## What to work on:
What are the lines from the one with "Heiße neue Produkte" through the end of the records below, written out exactly and without the pictures?

Captioned web image data:
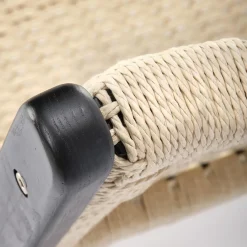 Garnero Arredamenti Poltrone Design|Poltrone Relax-Panca relax moderna in rattan naturale Salvin Nero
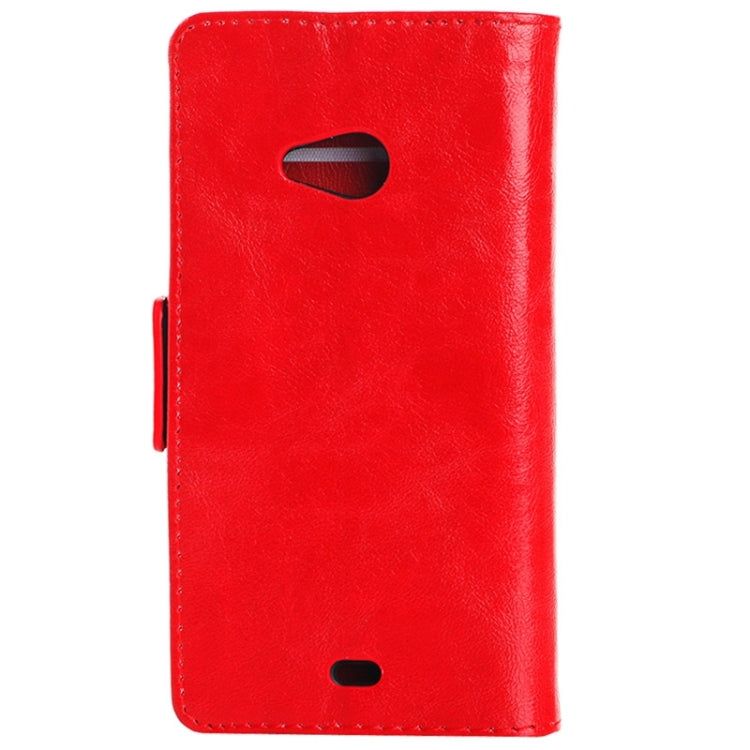 Oil Skin Texture Horizontal Flip Leather Case with Card Slots & Wallet & Holder for Microsoft Lumia 535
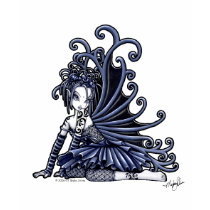 Sophia Blue Lace Fairy t-shirts by mykajelina Sophia Blue Lace Fairy t-shirts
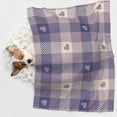 thumbnail image 6 of Rocae Heart Check Plaid for Pet Blanket Dog Blanket Cat Blanket Soft Sleep for Small Medium Pet-Small, 6 of 8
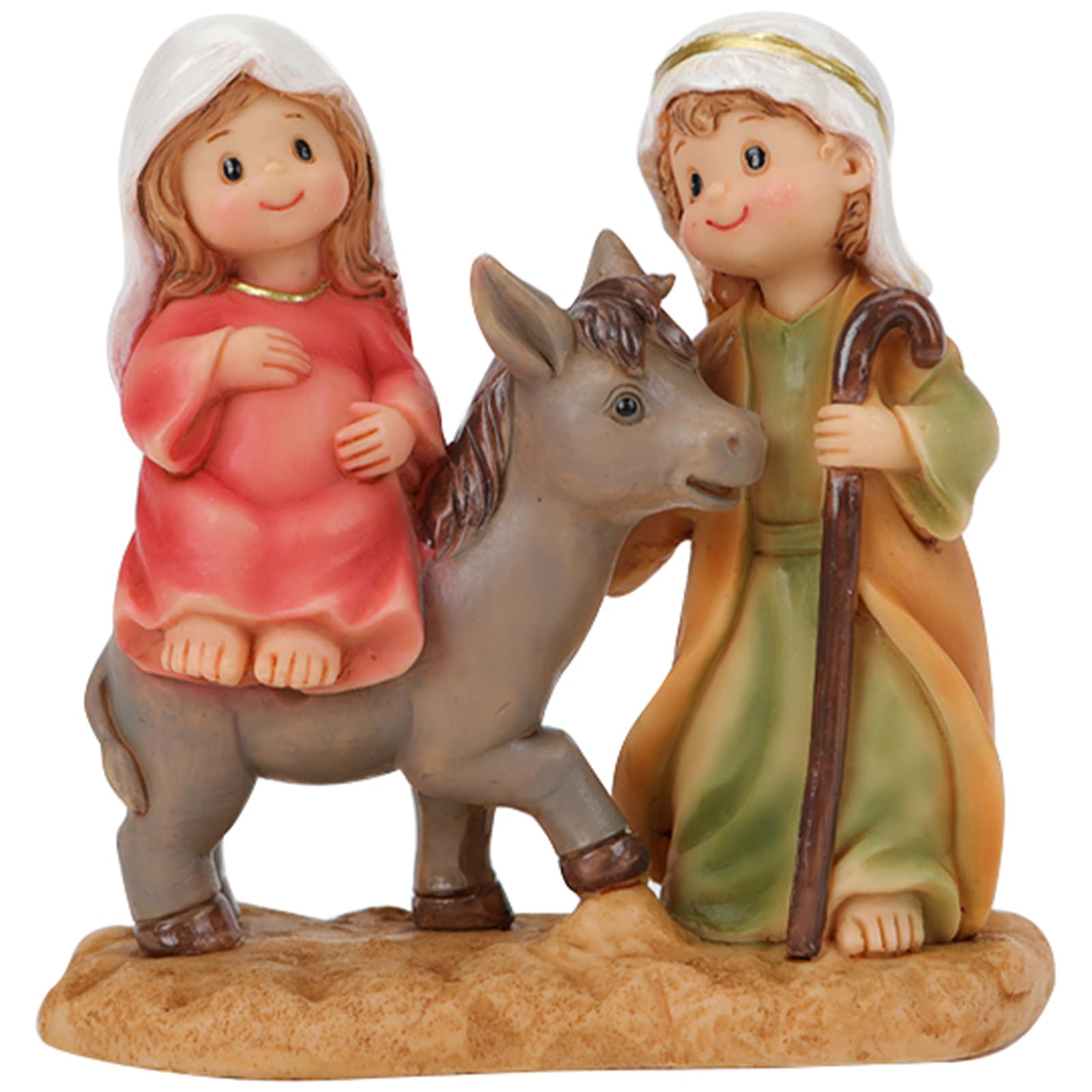 MHADBKH Holy Family Statue with Child Catholic Inspirational Home Decor Christmas Centerpiece Figurine Holy Family Figurines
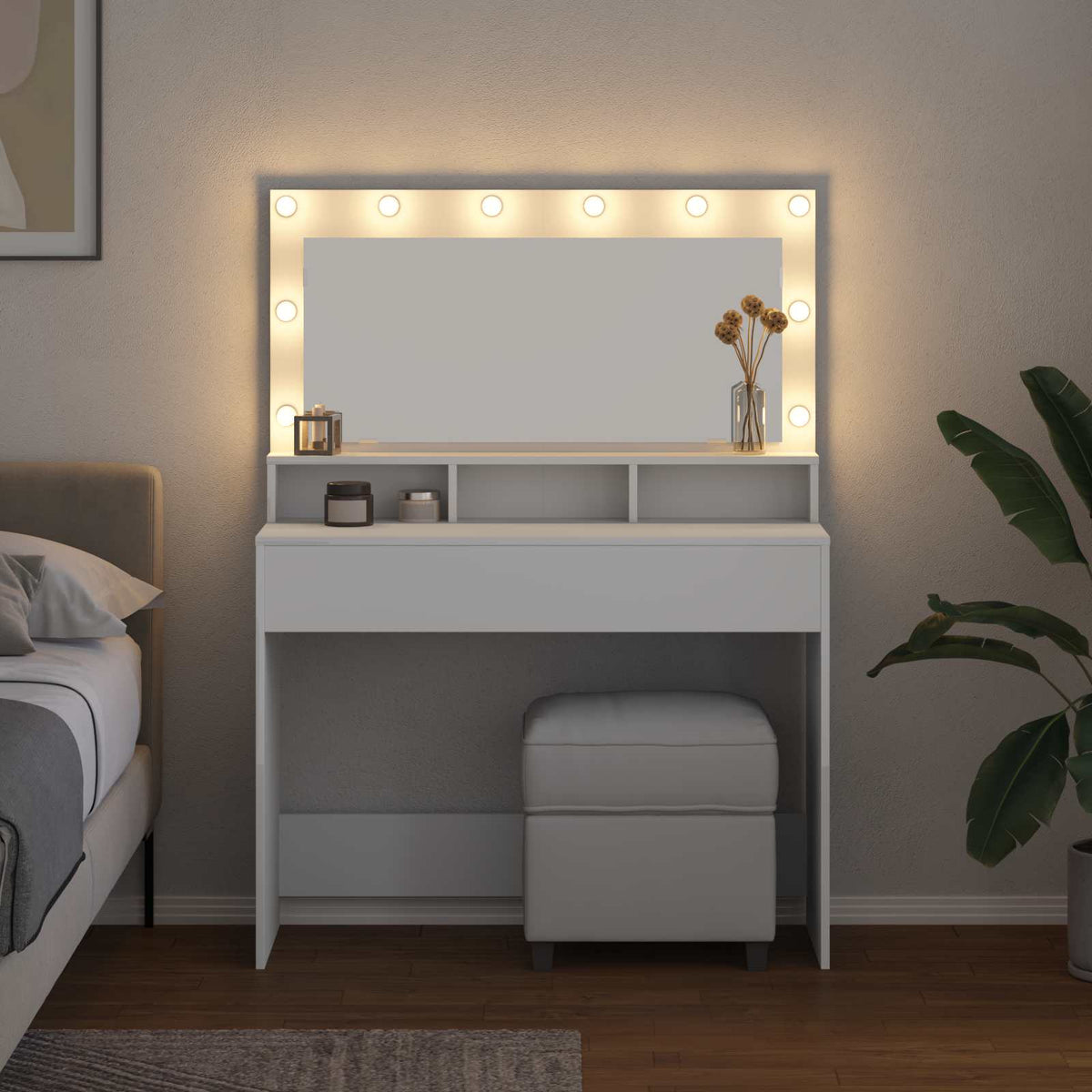 Klædeskab Hvid 100 x 41 x 135 cm Konstrueret træ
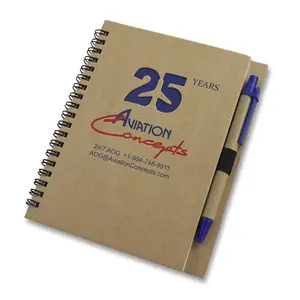 Heiße neue Produkte a5 funky Briefpapier Notebook mit Stift halten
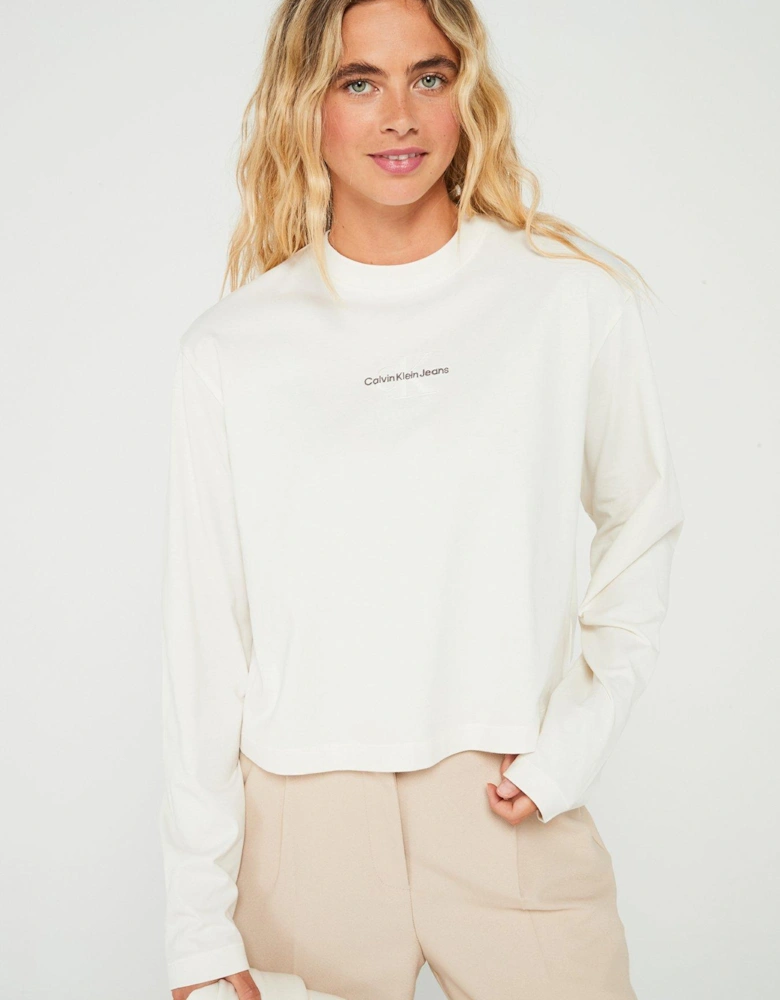 Monologo Long Sleeve Top - White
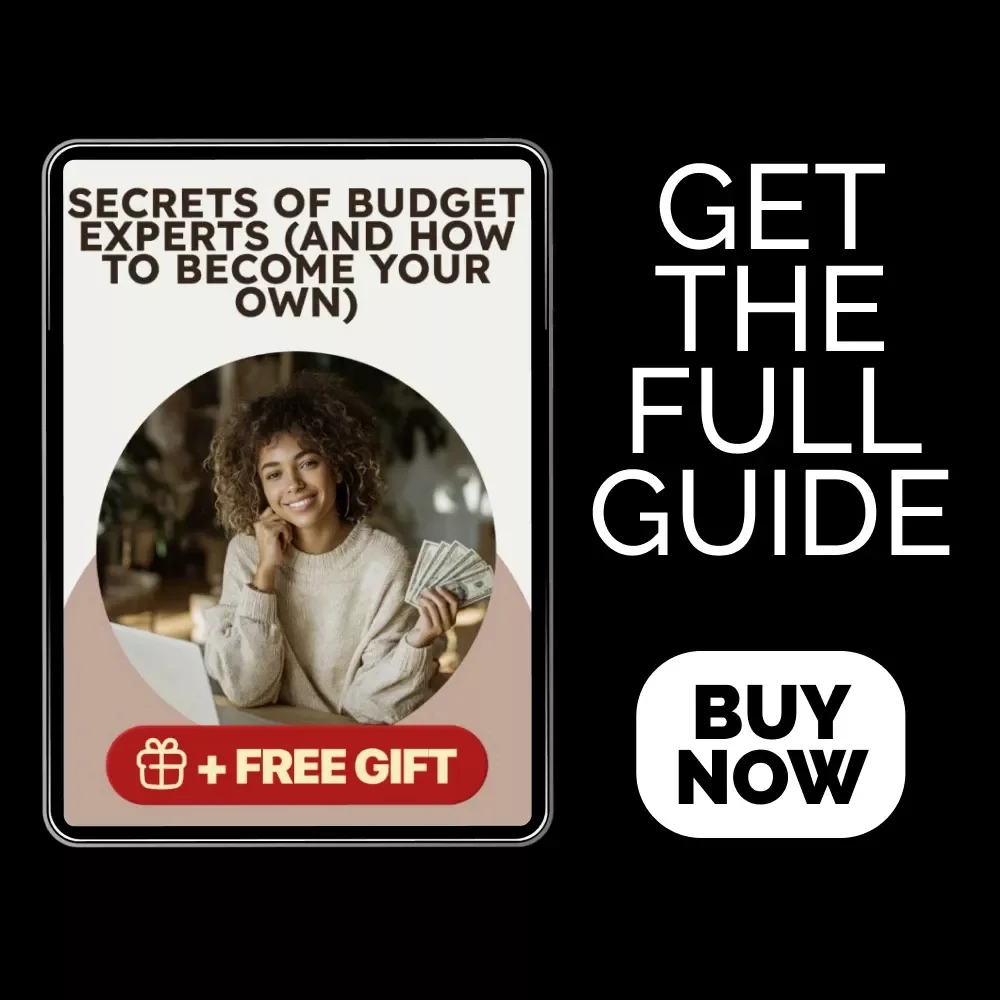 Secrets of Budget Experts (and How to Become Your Own) | Printable Money Management Guide, Budget Experts Digital Download, Financial Planning eBook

## Response to the task:
 Heiße neue Produkte a5 funky Briefpapier Notebook mit Stift halten
 Monologo Long Sleeve Top - White
 Secrets of Budget Experts (and How to Become Your Own) | Printable Money Management Guide, Budget Experts Digital Download, Financial Planning eBook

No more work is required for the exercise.